The failure of policy makers at all levels to deal with systemic racism contributes to the negative pipeline that for some young people leads to their departure from mainstream education, a lowering of their aspirations and then entry to the youth justice system. And for too many Black boys and young men, premature deaths from knife crime.
The Black Training and Enterprise Group (BTEG) is a London based national charity which works collaboratively to improve education and employment success rates for Black, Asian and Mixed heritage young people.
We are involved in activities to remove the barriers that prevent these young people from realising their potential and we use our connections to help remove racism from the criminal justice system.
Racism, ethnic bias and poverty are significant factors in the ethnicity opportunity gap. BTEG focuses on the talents of young people. Enabling them to become confident and equipped to succeed in a competitive world of work where merit can often lose out to familiarity.

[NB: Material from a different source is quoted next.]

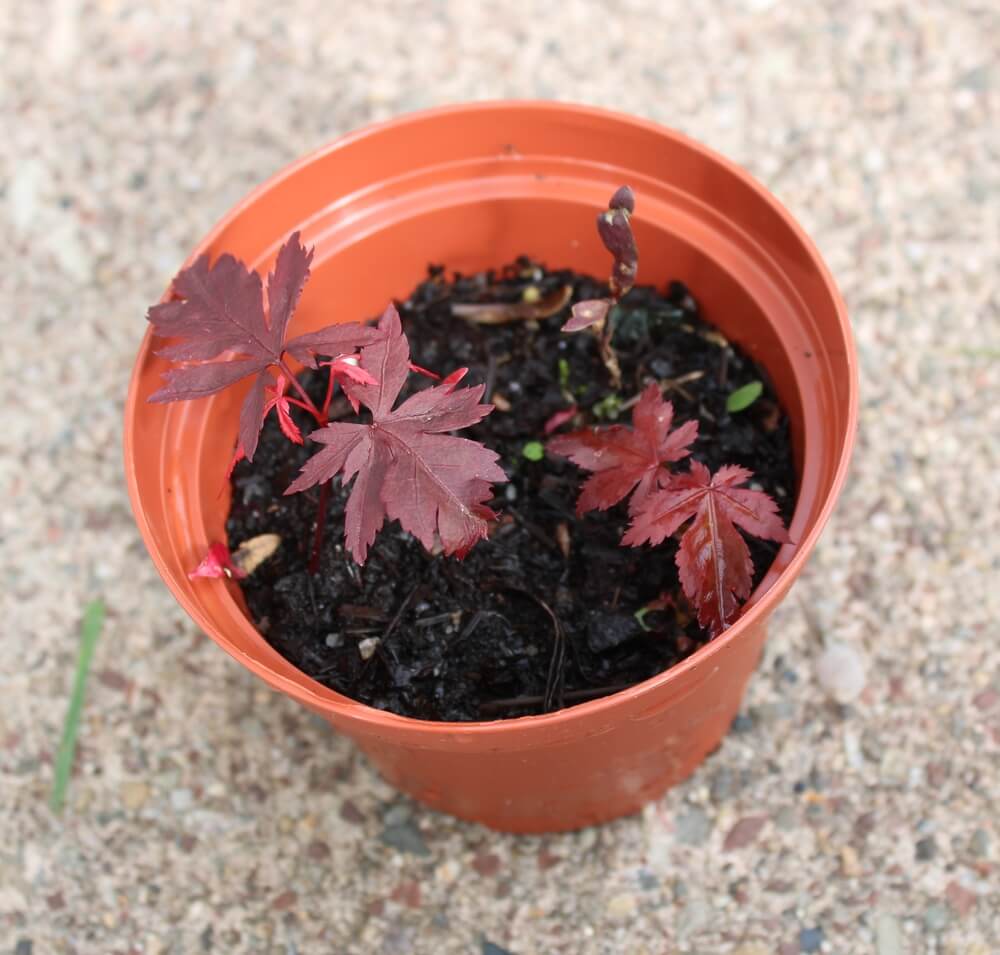 Tiny red Japanese maple seedlings growing in a bucket pot.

BTEG established and supports the Equal initiative. The EQUAL initiative brings together a range of organisations from the voluntary sector and academia committed to building an equitable criminal justice system. Transforming the criminal justice system, is a long, painful, yet necessary road which we must take. Whilst we have in theory, moved from a police force to a police service. Many young Black males still experience the force and not the service. They experience over-policing and racial profiling and too many police services are not representative of diverse communities they serve.
Whilst the police do not cause poverty, they do contribute to a climate which says to young Black males ‘you are not part of society, and we can treat you differently and unfairly’. Evidence shows us that both the police and prison service use disproportionate force against young Black men. Which is why the policing of Black communities and specifically young Black people matters greatly. Everyone wants to live in communities where there is trust, confidence and respect between Black people and the police. However, it is not something that can just be left solely the police to solve. We can only undermine and stop knife crime when individuals, families, schools and youth/community organisations, local councils, employers and the police and probation work together.
BTEG works within the system and formally participates in government, mayoral and police advisory boards. We serve as critical friends – we are independent and not paid by the police. We also advocate for greater investment in our neighbourhoods and community organisations. The prevalence of drugs, the lack of good employment opportunities and the negative stereotypes applied to young Black males make social mobility feel out of reach.
In response to youth violence in Black communities the CEO of Hackney Council for Voluntary Services, hosted a range of intergenerational Black male conversations. These were insightful, emotional, empowering and led to the birth of Black Men for Change (BM4C) movement.
Within a short period of time BM4C had attracted funding from the Greater London Authroity, (GLA) Violence Reduction Unit (VRU) to test out a new approach involving a handful of Black community hub organisations and BTEG’s role model and mentoring volunteers. The programme allows local community hubs to support young Black men at risk of becoming involved in serious youth violence.
BM4C does not put labels or categories on our young people. Not all young Black men at risk of being drawn into youth violence are from low income and disadvantaged backgrounds -but many will be. The BM4C programme is known as Change 21 and each community partner delivers a unique package of activities to engage and stimulate the young men. For instance, Code 7 in Brixton provides opportunities to nurture and encourage young men with an interest in music and music engineering and provides a platform for young men to be creative and entrepreneurial. BM4C is underpinned by valuing our African heritage and the importance of mutual respect.
In the aftermath of George Floyd’s murder, BM4C and many other organisations engaged in very difficult conversations with the Mayor of London, GLA VRU, Mayors Office for Policing and Crime (MOPAC) and the Metropolitan Police.
BM4C includes prominent Black men who have campaigned for change in the relationship between the Police and Black communities over many years. One of these is Lee Jasper (one of the founders of BlakSox and former Deputy Mayor for Policing in London) who developed a concept proposal called Alliance for Police Accountability (APA) which has been adopted by BM4C and is supported by a high-level steering group.
The APA is a UK project that will produce two new charters on community policing and public health. The public health approach will focus on developing solutions from within Black communities to tackle serious violence. The project will engage with African and Caribbean individuals, organisations, communities (and especially young people), national policing bodies and police services to develop and test new models for Black communities and the police to interact, build trust and new frameworks for accountability. The APA will also look at best practice internally.